The screening for suicide risk has been proposed in the primary care setting since suicide most often arises in acute depressive illness. Unfortunately, Schulberg found that only 27% of patients who met criteria for depressive disorders were diagnosed by their primary care physician (18). Health disparities research showed that not only were racial and ethnic minorities and low income people disproportionally affected by depression but less than one quarter received appropriate treatment in the primary care setting (19). Conwell et al. reported that among older adults, 70% had visited their primary care physician within one month of the suicide (20). The US Preventive Services Task Force found no conclusive evidence that routine screening for suicide risk by primary care physicians decreases suicide attempts or mortality (21, 22).

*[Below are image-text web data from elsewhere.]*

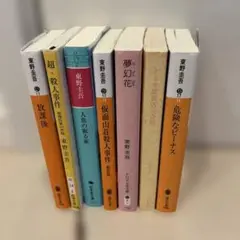 東野圭吾シリーズ 5冊セット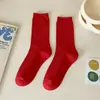 Calcetines Coloridos de Dopamina para Mujer Calcetines Verticales Rayados Puros de Colores a Media Pantorrilla Doble Aguja Cuatro Estaciones Estilo Japonés Versátiles Aspecto Adelgazante Calcetines de Felpa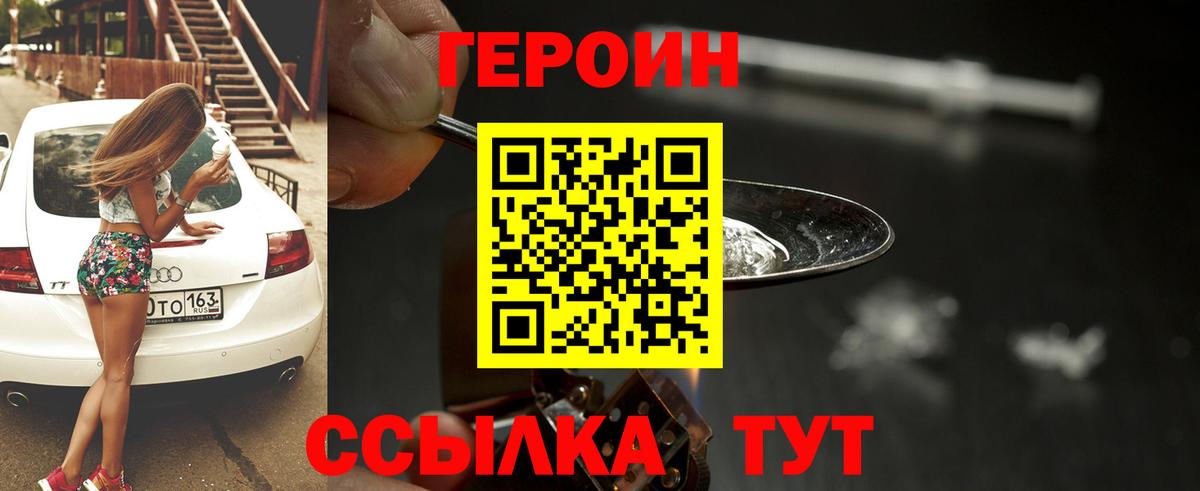ГЕРОИН Heroin Бутурлиновка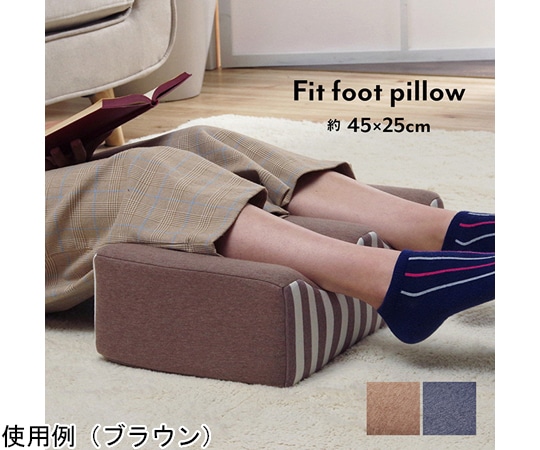 イケヒコ・コーポレーション クッション 足枕 フットケア むくみ 疲れ 対策 睡眠 ウレタン 約45×25cm ネイビー 1220880194959 1個（ご注文単位1個）【直送品】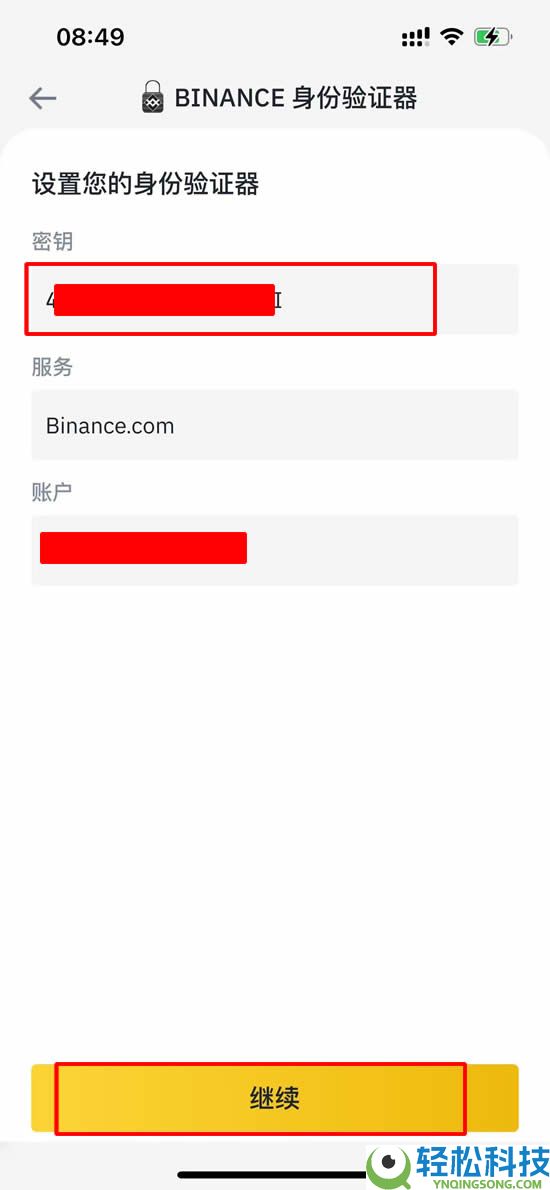币圈小白如何使用币安交易所（2026最新）？附币安官网+官方APP下载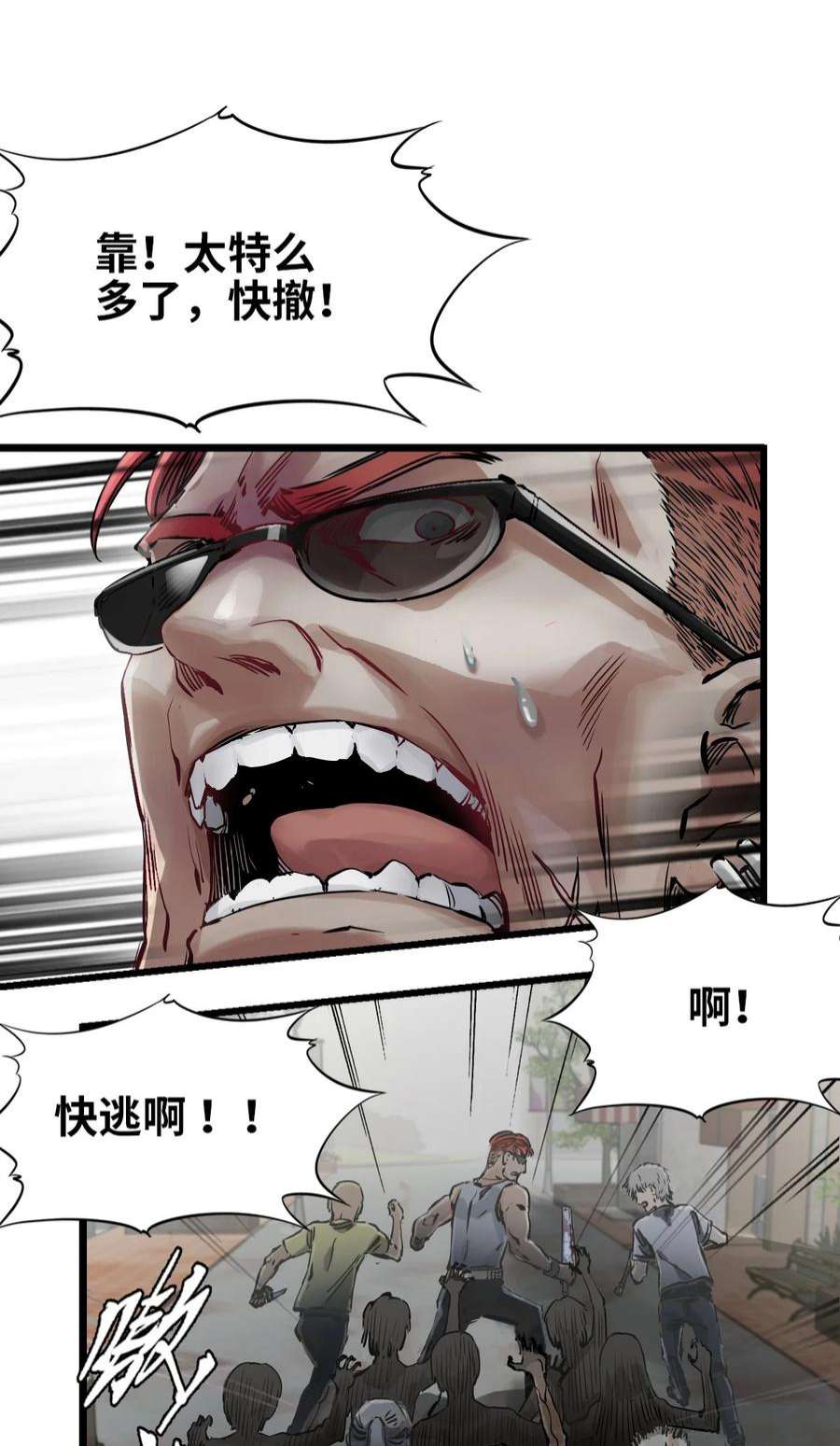 末日机械师05 入侵者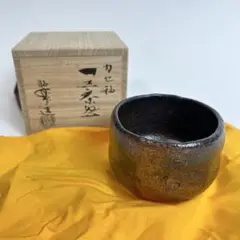 佐々木昭楽　三代昭楽利休七種茶碗　早船　東陽坊　木守　鉢開　大黒　検校　茶道具 佐々木昭楽 三代昭楽利休七種茶碗 早船 東陽坊 木守 鉢開 大黒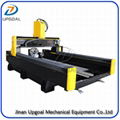 4 Axis 1300*2500mm Heavy Duty Stone CNC Router Engraving Machine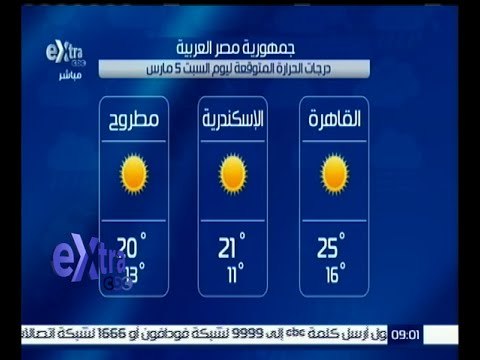 غرفة الأخبار | وحيد سعودي: طقس اليوم شتوي دافئ معتدل على كافة الأنحاء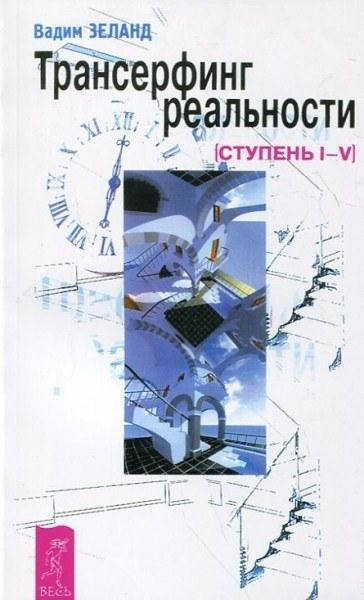 

Трансерфинг реальности. Ступени I-V Вадим Зеланд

According to Gunnell and Frankel the more successful large scale suicide prevention strategies focused on targeting high-risk groups and limiting the availability of means for individuals to succeed at suicide (23). The Suicide Prevention Resource Center, supported by a grant from the Substance Abuse and Mental Health Services Administration is devoted to advancing the Surgeon General’s national strategy for suicide prevention in Florida. In 2013 the Florida Legislature passed a state law that prohibited from purchasing firearms or retaining or applying for a concealed weapon or firearms license individuals who voluntarily admitted themselves into a psychiatric facility after an involuntary examination by a physician and was found to be an imminent danger. Suicide represents an extraordinary hardship and extols a tremendous burden on society in terms of costs and resources. Programs such as these in Florida designed to increase awareness and prevention of suicide should help reduce the burden intentional self-harm places on the healthcare system.